• WHAT YOU WILL DO: Set down the whole listing below exactly. The pictures stay out.

• DATA EXCERPT:

*** Begin section ***

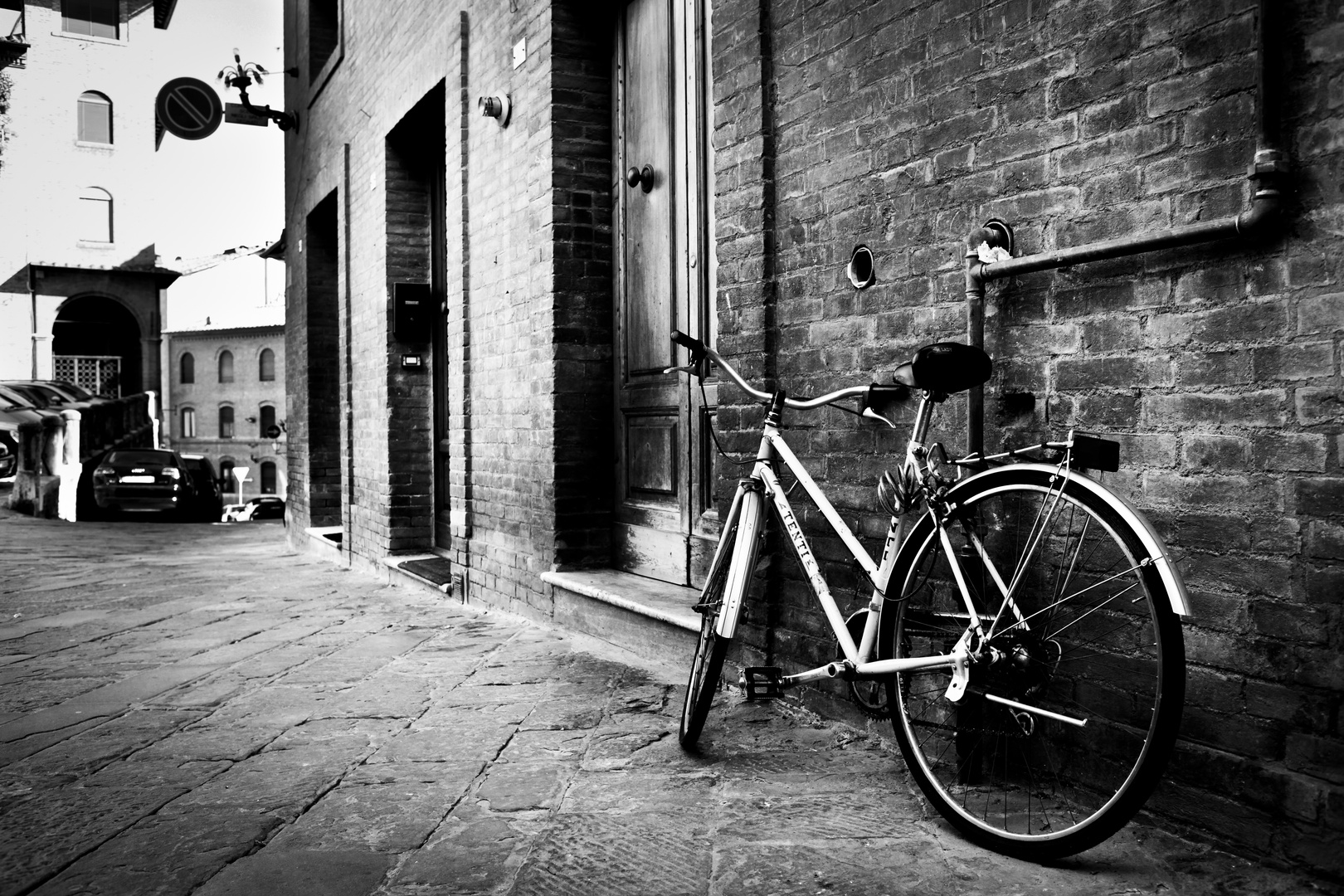 la bicicletta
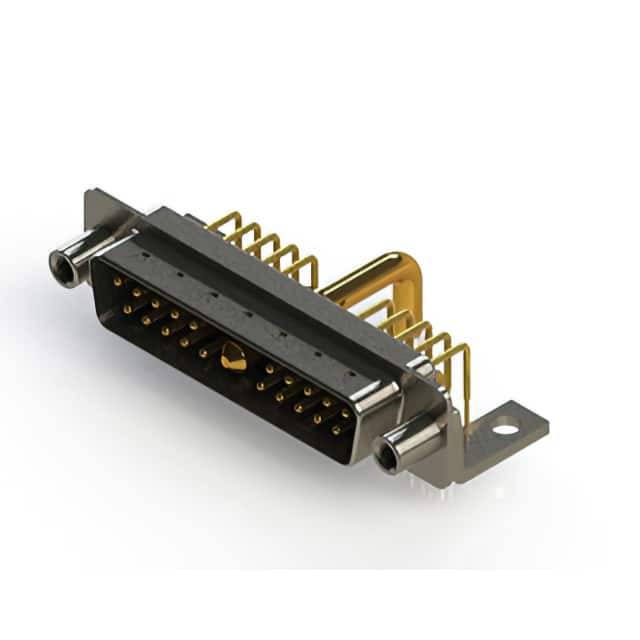 629-21W1250-3N6 CONN D-SUB PLUG 21POS R/A SLDR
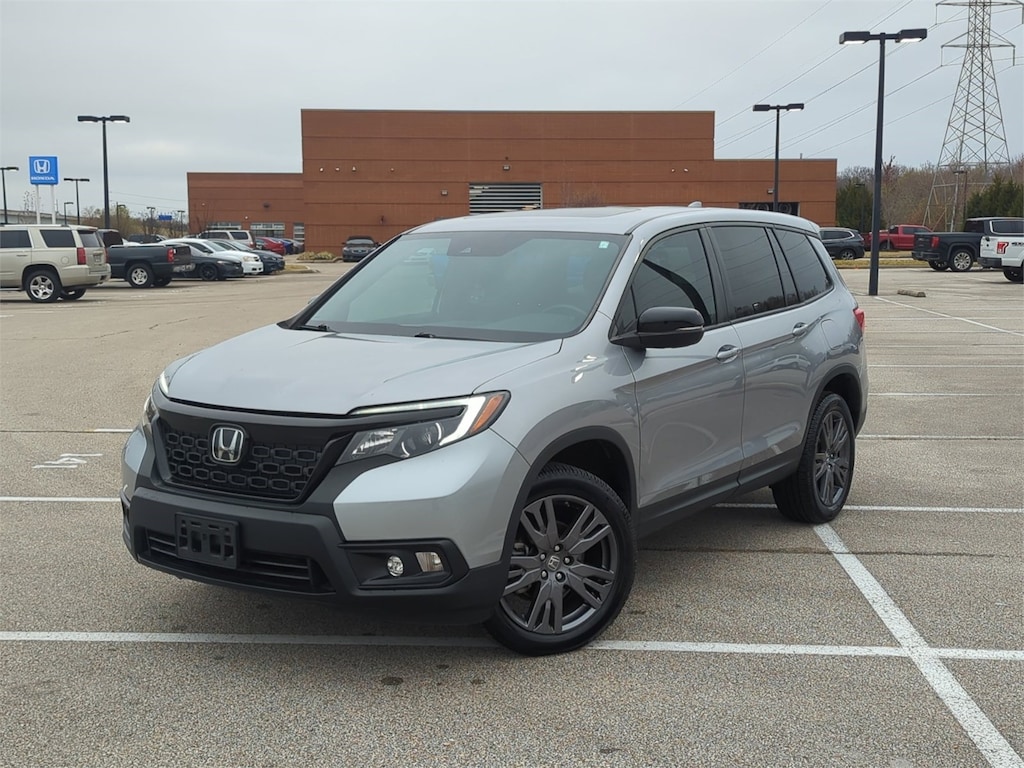 Used 2021 Honda Passport EX-L AWD SUV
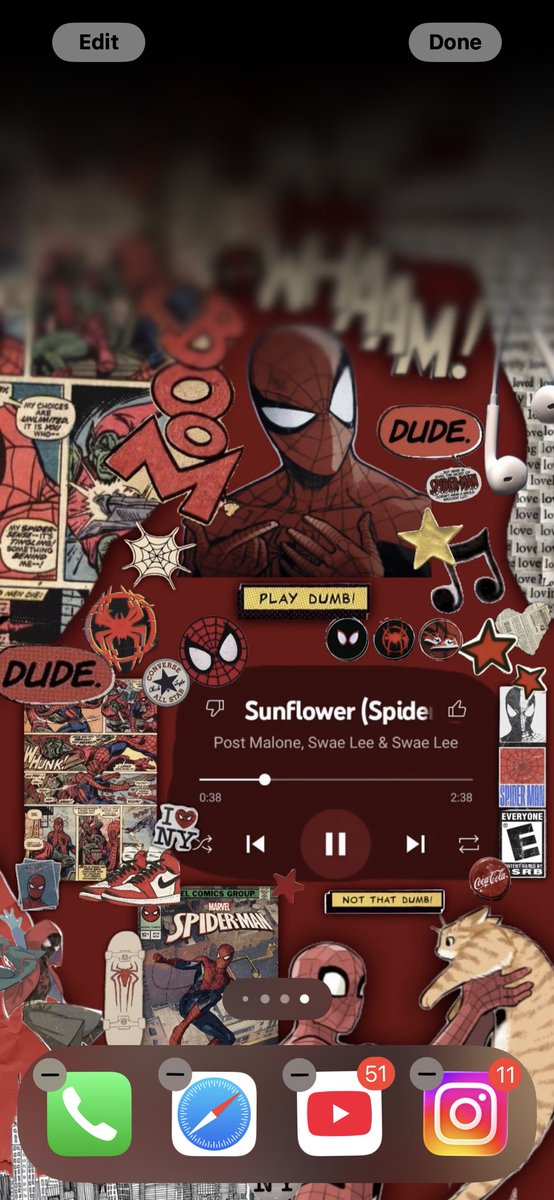 HeyltsN's tweet photo. I’m ready for spider man movie https://t.co/g7c4dyYSgv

*** End section ***

• OUTPUT BELOW:
 la bicicletta
 629-21W1250-3N6 CONN D-SUB PLUG 21POS R/A SLDR
 Used 2021 Honda Passport EX-L AWD SUV
 HeyltsN's tweet photo. I’m ready for spider man movie https://t.co/g7c4dyYSgv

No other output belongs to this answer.